Без улыбки мы пожали друг другу руки, понимая, что Джо отчасти кладет жизнь на алтарь иллюзий.
Его сбили над Бирмой. Как-то ранним вечером в шестидесятые годы по дороге в гости я увидел на перекрестке 96-й улицы и М-авеню рекламу аптеки Фельдмана и вспомнил, что в этом районе когда-то обитал его отец, фармацевт. Прошло тридцать лет с тех пор, как Джо произносил свои пламенные речи со стола в редакции "Дейли", и больше двадцати - со дня его гибели. Скорее всего, отец был на пенсии, если не умер. Невысокая седая женщина за прилавком взглянула на меня сквозь залежи губной помады и гребешков.
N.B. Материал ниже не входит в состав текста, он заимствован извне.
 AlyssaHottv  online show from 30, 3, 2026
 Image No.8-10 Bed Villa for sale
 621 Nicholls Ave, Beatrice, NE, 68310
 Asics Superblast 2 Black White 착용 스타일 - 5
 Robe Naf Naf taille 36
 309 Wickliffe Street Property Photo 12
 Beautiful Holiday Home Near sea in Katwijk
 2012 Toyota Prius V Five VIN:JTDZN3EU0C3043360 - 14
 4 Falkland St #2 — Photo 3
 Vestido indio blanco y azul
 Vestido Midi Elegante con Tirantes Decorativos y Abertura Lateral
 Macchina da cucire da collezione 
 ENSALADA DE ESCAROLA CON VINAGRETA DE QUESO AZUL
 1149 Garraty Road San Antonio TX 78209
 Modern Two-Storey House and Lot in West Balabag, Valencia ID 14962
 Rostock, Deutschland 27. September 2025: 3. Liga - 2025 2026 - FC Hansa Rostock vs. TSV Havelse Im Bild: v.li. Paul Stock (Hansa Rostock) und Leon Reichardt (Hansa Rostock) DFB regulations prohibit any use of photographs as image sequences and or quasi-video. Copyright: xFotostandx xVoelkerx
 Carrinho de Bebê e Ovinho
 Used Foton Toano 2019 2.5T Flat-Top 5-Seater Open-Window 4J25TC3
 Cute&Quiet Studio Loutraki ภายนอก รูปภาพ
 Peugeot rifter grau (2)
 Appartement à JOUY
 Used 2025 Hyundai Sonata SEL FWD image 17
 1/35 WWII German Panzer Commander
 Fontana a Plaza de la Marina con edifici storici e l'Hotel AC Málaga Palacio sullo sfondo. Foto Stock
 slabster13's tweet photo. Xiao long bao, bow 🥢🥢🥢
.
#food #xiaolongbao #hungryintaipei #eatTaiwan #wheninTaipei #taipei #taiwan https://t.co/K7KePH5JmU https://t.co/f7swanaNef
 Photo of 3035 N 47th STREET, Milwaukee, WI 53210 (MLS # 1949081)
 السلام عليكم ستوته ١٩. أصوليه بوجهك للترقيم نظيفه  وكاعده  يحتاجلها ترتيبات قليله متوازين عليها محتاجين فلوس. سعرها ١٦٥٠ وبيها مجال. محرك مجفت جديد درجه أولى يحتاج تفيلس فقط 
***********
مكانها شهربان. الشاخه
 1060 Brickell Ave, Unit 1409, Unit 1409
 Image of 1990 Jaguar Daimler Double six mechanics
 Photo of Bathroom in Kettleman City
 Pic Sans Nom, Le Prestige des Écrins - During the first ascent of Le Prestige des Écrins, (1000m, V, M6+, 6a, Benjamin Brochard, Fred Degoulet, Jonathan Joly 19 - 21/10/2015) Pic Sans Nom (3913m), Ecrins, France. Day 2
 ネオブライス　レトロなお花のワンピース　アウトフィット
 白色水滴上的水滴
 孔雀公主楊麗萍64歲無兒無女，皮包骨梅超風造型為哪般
Я представился как друг Джо и спросил, не с его ли матерью говорю. Усталое, измученное лицо озарилось светом, и, запустив руку в ящик стола, она достала конверт с фотографиями размером восемь на десять, где я ожидал увидеть жизнерадостного Джо с насмешливым взглядом, в котором затаилась боль. Вместо этого я увидел серый камень футов шесть в высоту с дюжиной выбитых на нем фамилий, среди которых была и его. Камень стоял на небольшой поляне, вырубленной в причудливой зелени джунглей. Протянув фотографию, она сказала: "Это в Бирме". Мы немного поговорили. Он был единственным ребенком в семье. Она не переставая благодарила меня за то, что я зашел, не совсем понимая, зачем я это сделал. Я ответил, что сам не знаю, но хорошо помню Джо и никогда не забуду. Ее глаза наполнились слезами, и она отвернулась.